Online evaluation system gets mixed reviews

  • Instructors have now received the results from the new online course evaluation system.
  • Some faculty had feared that fewer students would participate because evaluations were done outside of the classroom.
  • Participation was lower than with the old pen-and-paper system, but it was not down as much as originally thought.
  • The Office of Institutional Research and Assessment, which oversees the course evaluations, is pleased with the results.

Faculty and administrators have received the results from the university's new online course evaluation system. While no formal surveys have been conducted to gauge professors' responses to the new system, reaction has been mixed so far.

Instructors gained access to results of the evaluations the day after grades were submitted to the Office of the Registrar, according to Gary Levy, associate vice provost for Marquette's Office of Institutional Research and Assessment.

Old course evaluations were completed by students with a pen and paper, ensuring a higher participation level among students in class. With the new online system, some feared that fewer students would choose to participate in course evaluations.

"My impression would be that the response rates on evaluations were higher when we gave them out in the classroom," said Lawrence LeBlanc, chair of the political science department. "We still got, I thought, fairly good response rates."

LeBlanc was most interested in the difference between high and low participation rates and whether that actually changes the value of course evaluations.

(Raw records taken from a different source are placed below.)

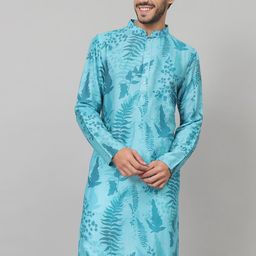 HILO DESIGN Floral Printed Mandarin Collar Long Sleeves Straight Kurta-image-60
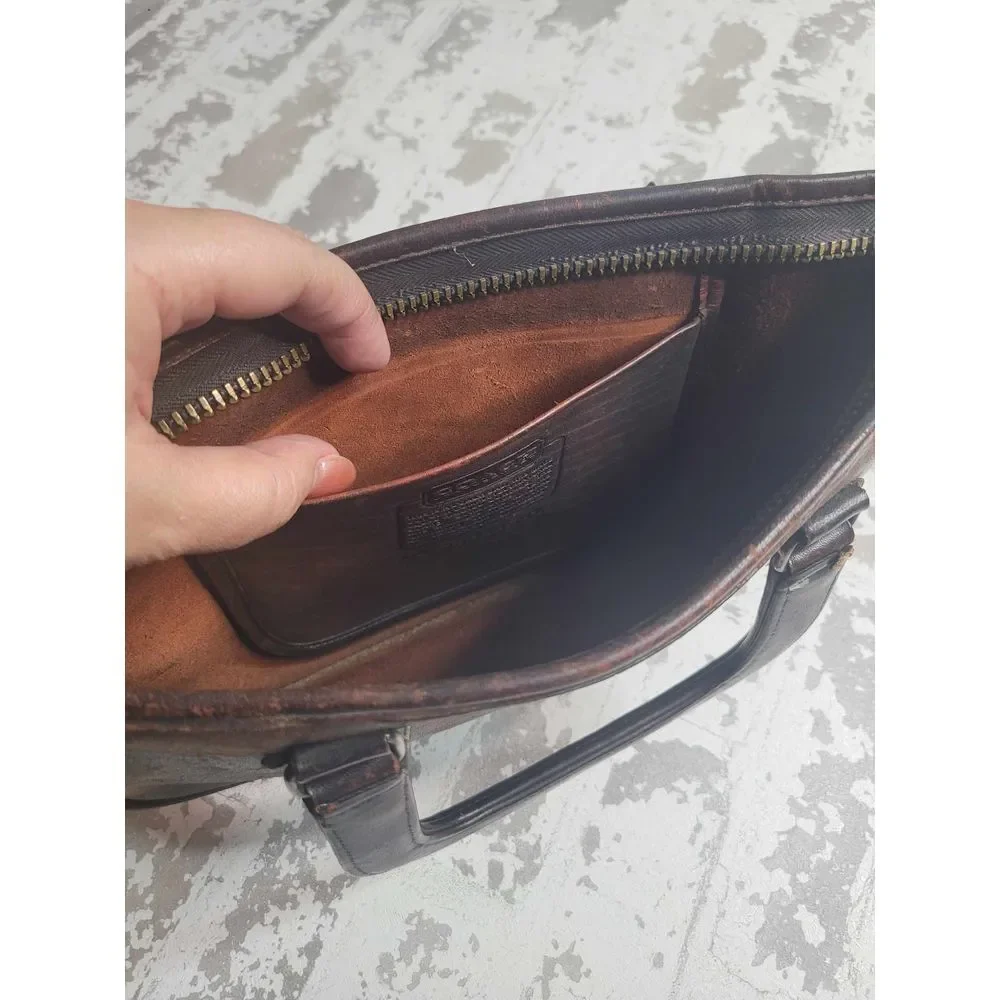 3502 Vintage Coach Handle Clutch Handbag Bonnie Cashin Brown Leather - Picture 7 of 9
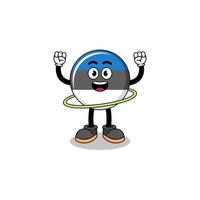 ilustración de personaje de bandera de estonia jugando hula hoop vector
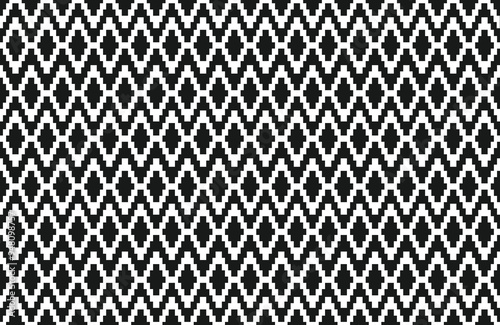 Seamless pattern of Thai weaving, square Vector illustration. Ethnic pixel embroidery designs for carpets, curtains, pillows, bags, clothing, geometric patterns.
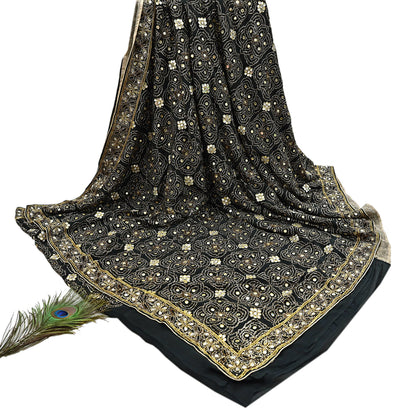 Indian Vintage Heavy Sari Black Pure Georgette Silk Hand Beaded Sarees Craft Fabric 5Yd Soft Ethnic Wedding Sarees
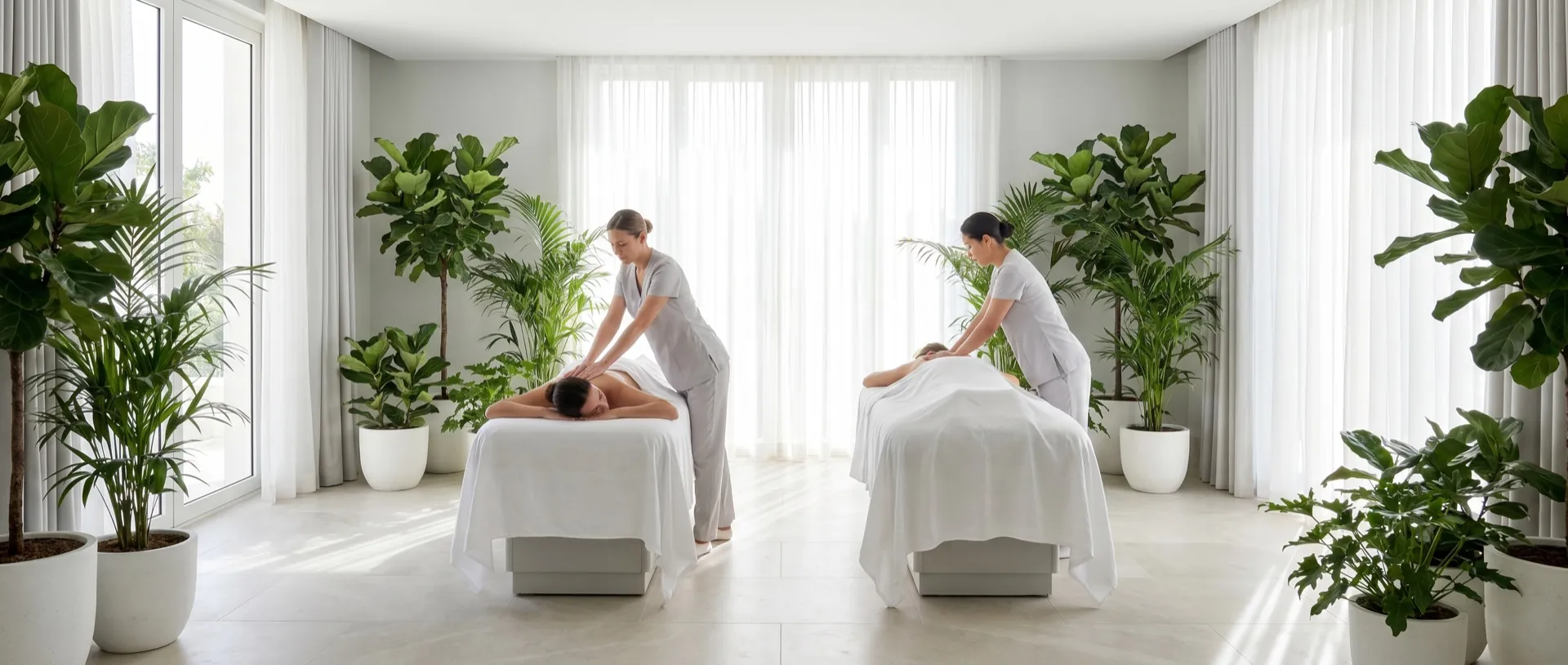 Couples massage with two therapists working side by side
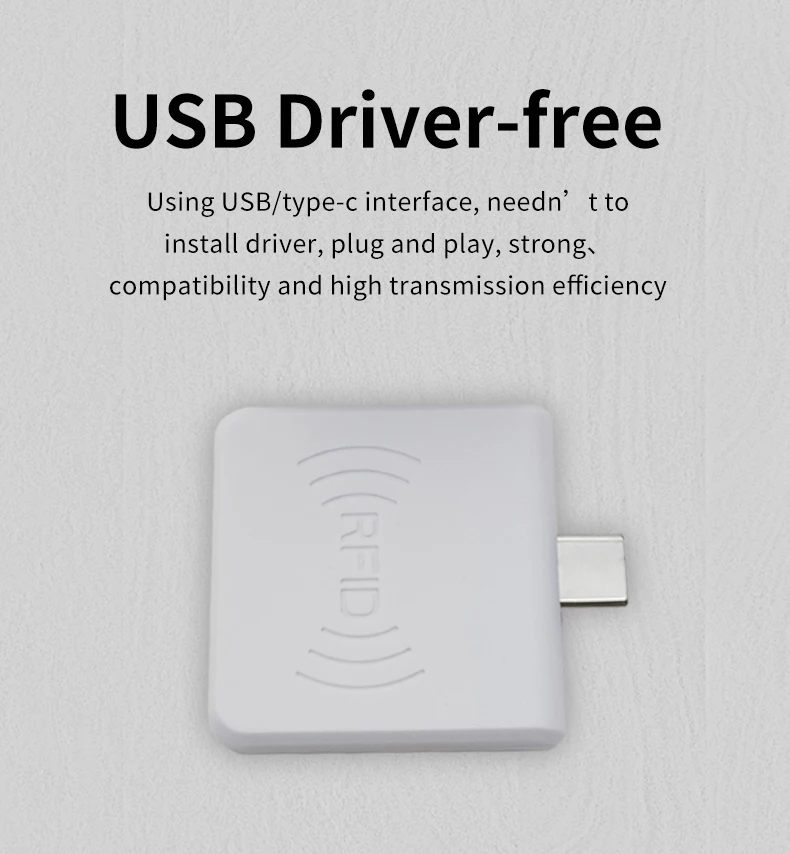 13.56mhz ISO14443A HF Tiny Size RFID OTG Android Phone USB Type-c Interface Portable Handheld IC Card Reader
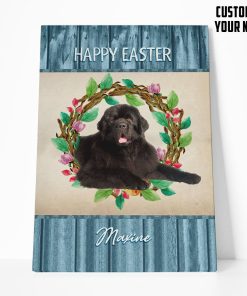 Gearhumans Gearhuman 3D Happy Easter Newfoundland Dog Custom Name Canvas GW18036 Canvas 1 Piece Non Frame M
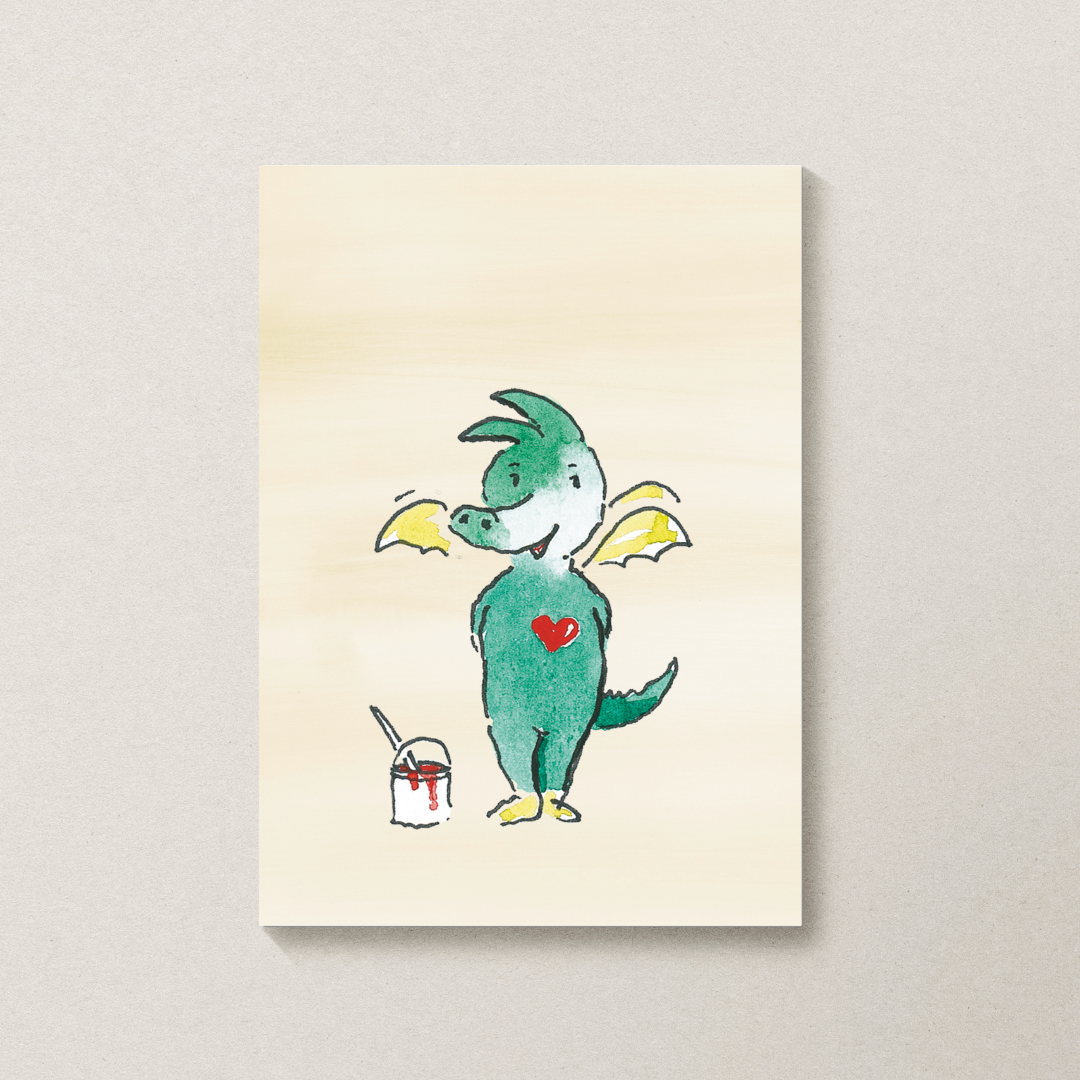 Poster Tabaluga mit Farbeimer & Herz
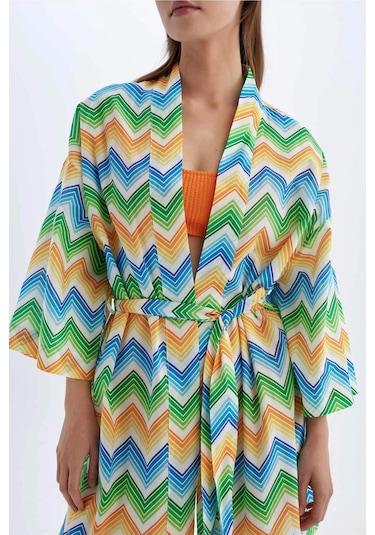 DeFacto Desenli Pamuklu Kimono-Fall in Love D0453AX24SMOG313 Turuncu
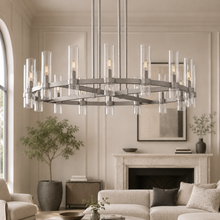 Ravello Round Glass Cylinder Chandelier in Nickel, Clear, 48", Main Light On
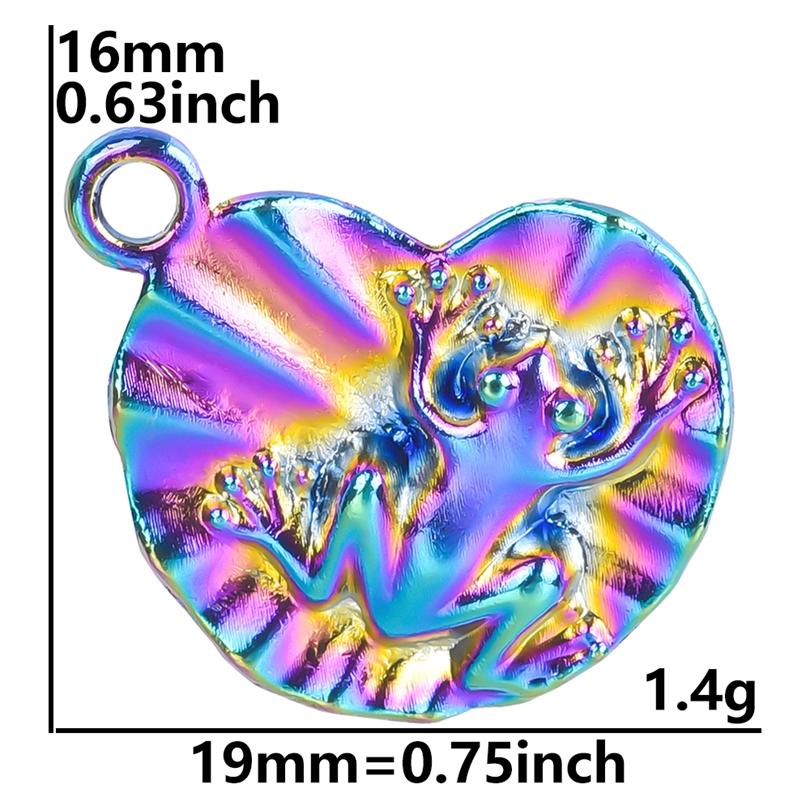 10pcs/Lot Multistyle Animal Pendants Rainbow Charms For Jewelry Making Supplies Eagle Bat Elephant Charm Frog Duck Shark Pendant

"It may be that the outcome, that is, how the students rate the course, came out the same," he said. "What is the real difference?"

LeBlanc said professors in his department have had positive and negative reactions to the new system.

Rodrigo Morales, an assistant theology professor, estimated that 65 to 70 percent of his students submitted evaluations.

"Participation has been higher than I expected, but not as good as the old system," he said. "I prefer the old one."

Levy said informal feedback he has received from faculty has been "very positive."

However, Levy is realistic regarding the willingness of instructors to accept the new system.

"I would never argue that everybody likes it," he said. "I think people are going to be cautious and skeptical, and as well they should be."

Submitted evaluations went to a database server in the Informational Technology Services office. Some statistical analysis was done there and "more sophisticated analysis (was) done by OIRA," Levy said.

The evaluation reports include comparisons of the statistical results for the department, college and university on each question.

The electronic system does provide some benefits over the paper system. Besides saving paper and money for the university, the new system also makes it easier for professors to compare the results of current evaluations to previous ones, Levy said.

He said he is happy with how the first use of the online system went.

"For a first semester doing it online, I have to say I'm pretty pleased," he said.